El caso de los Housemartins, va en ese rango, porque ellos gestaron su idea desde 1983, pero no editaron un disco hasta 1986, y luego en el primer día de septiembre de 1987, 31 años atrás, llegaba el segundo disco, el que nos ocupa hoy: The People Who Grinned Themselves To Death, pero a un año del debut, llegaba la despedida.

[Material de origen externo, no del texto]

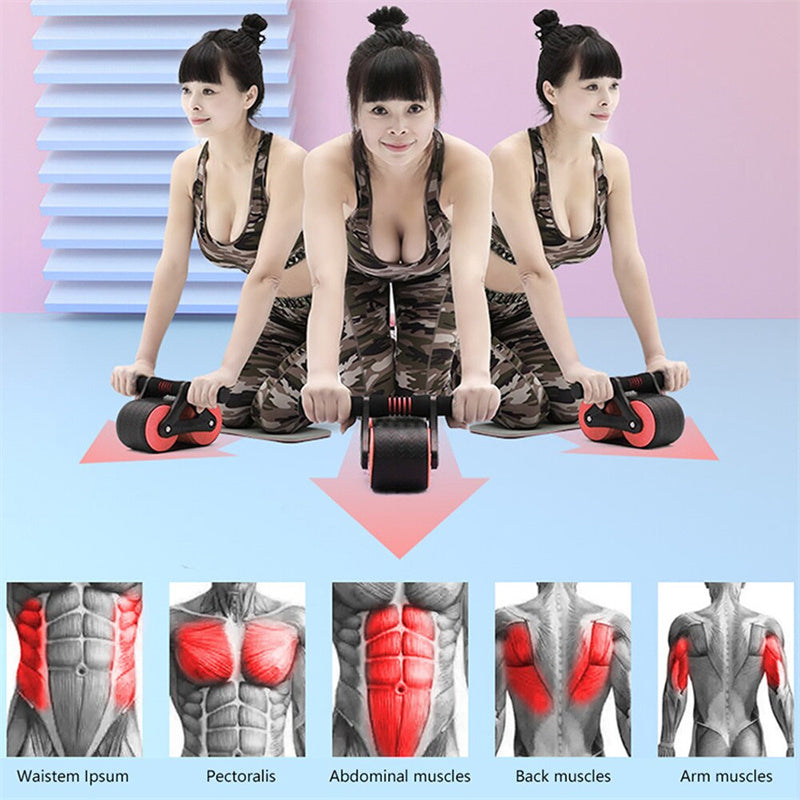 Double Wheel Automatic Ab Wheel Roller Waist Trainer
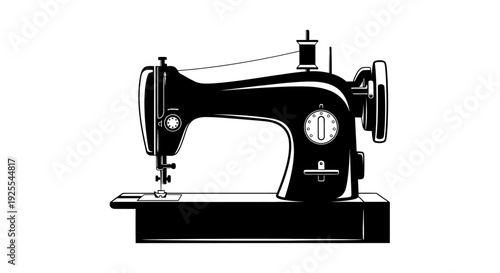 Vintage black sewing machine with white accents on a plain background for crafting and textile projects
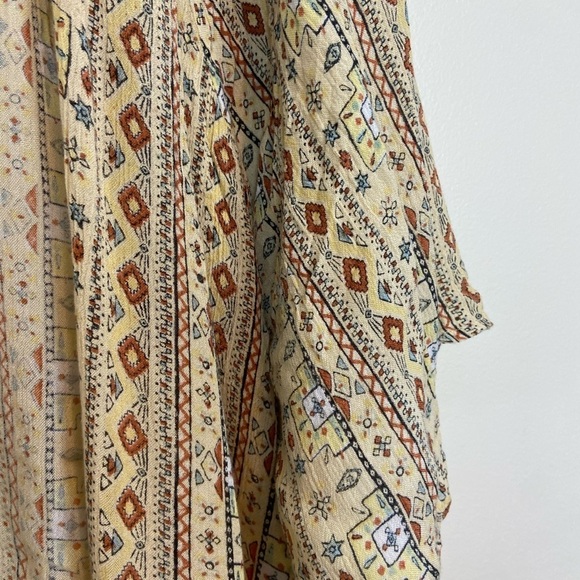 LAGACI WESTERN PRINT BOHEMIAN FRINGE TOPPER S/M BEACHY SUMMER - Picture 3 of 8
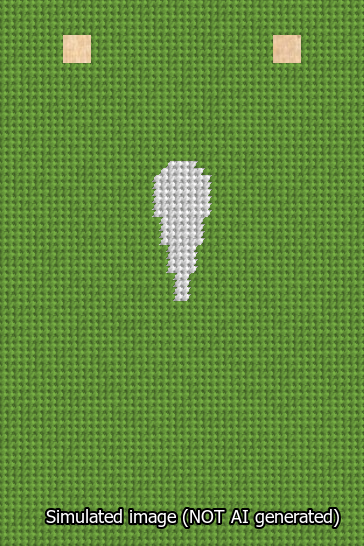 A simulated image of the stitched needlepoint design: Banner 13m Squared Apostrophe White on Light Green. Not A.I. generated.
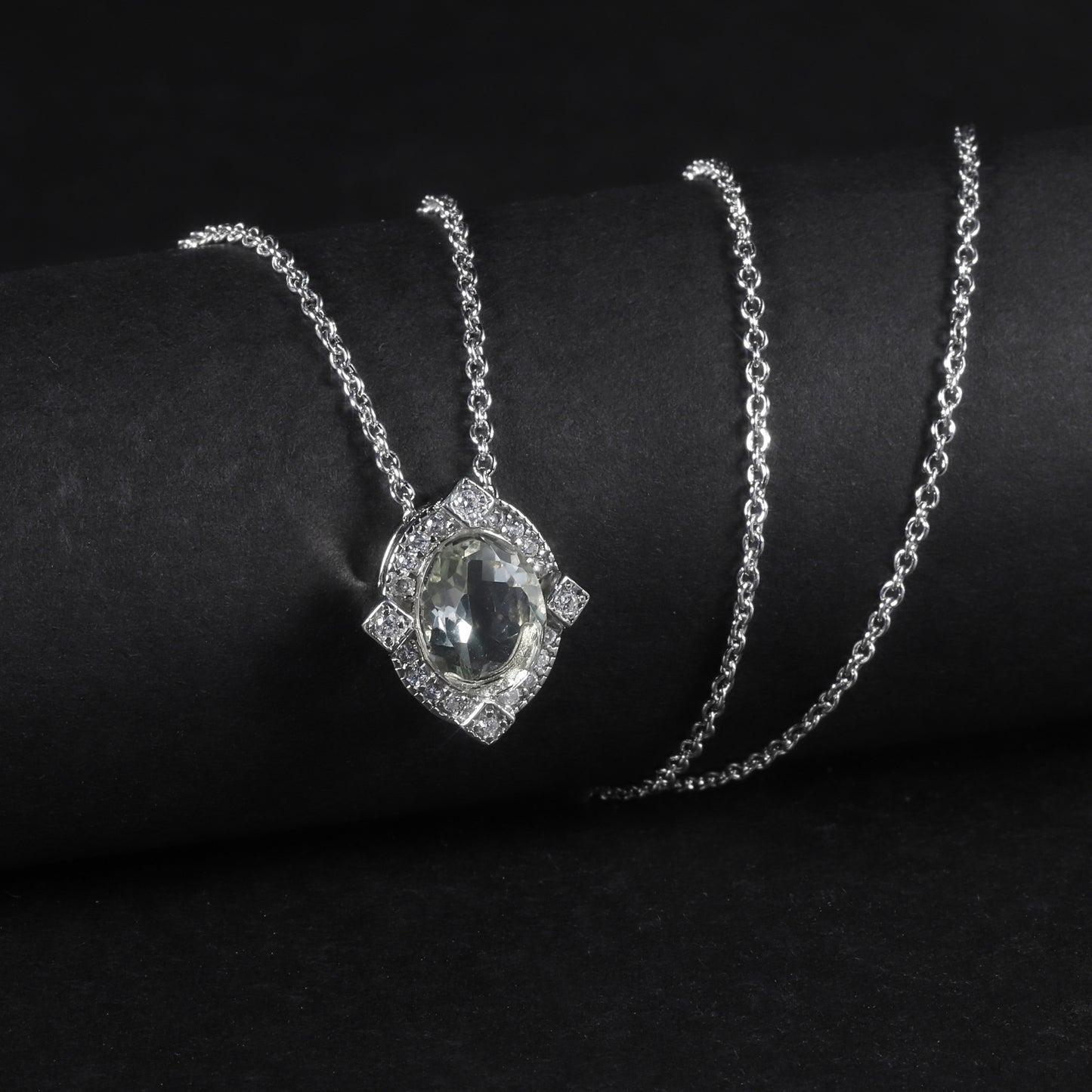 s925Silver Natural Gemstone Green Amethyst Necklace Pendant Fashionable Light Luxury High-end Inlaid Natural Gemstone Pendant
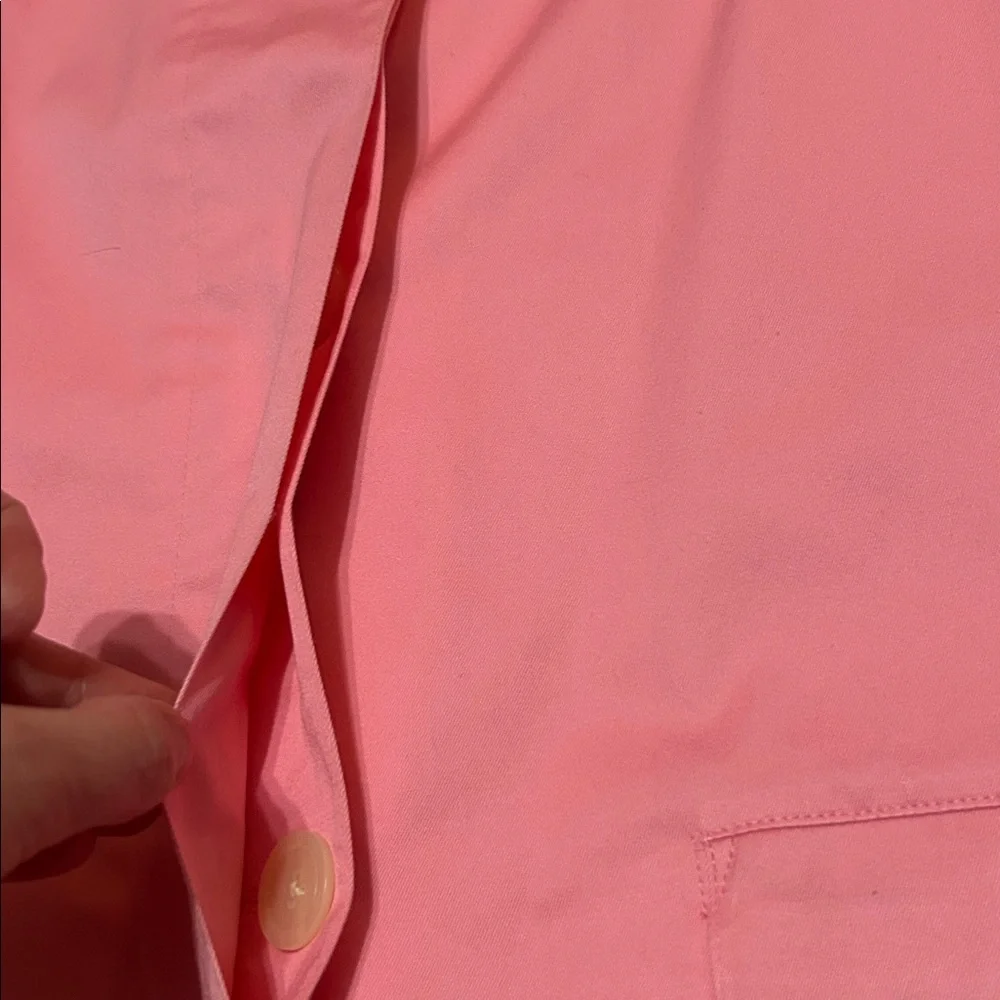 Lilly Pulitzer Pink Collared Trench Coat Cotton L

The Housemartins, vivieron a la sombra de The Smiths allá en el Reino Unido, y al igual que ellos, su carrera fue breve pero, contundente. Porque, “The Housemartins” también como la banda de Morrisey, recibieron jugosas críticas y alabanzas, sobre todo, por esa habilidad que tuvieron para mezclar el pop más chispeante con el más que evidente gusto del grupo por la música negra, especialmente el góspel e incluso el sonido Motown, así, daban a sus composiciones un empaque moderno, pero a la vez clásico e irresistible. Si a esto le añadimos que su discurso venía marcado por un muy interesante cóctel de mensajes, el resultado es que encima le ponían pimienta polémica, política y moral sus grandes melodías. Por desgracia para ellos, por mucho que el sonido a secas fuese tan atrayente, su marcadísima retórica británica hizo que, muchas veces, no fuesen comprendidos sus mensajes más que para aquellos que vivían el día a día de las islas, y allí estaban la sonoramente engañosa (y maravillosa) Bow Down y también Build, una balada inolvidable que, lejos de llevarnos por caminos de enamoramiento, se sumerge en críticas sociales desde perspectivas históricas, con el trasfondo de una visión de la evolución del mundo del trabajo y el capitalismo propia del marxismo . Así fue el sonido y la lírica de los ingleses The Housemartins, un grupo de referencia inolvidable , que si bien sonaba dulce, en realidad era irónico e inconformista, y sobre todo, ácido, muy crítico!, y humanista.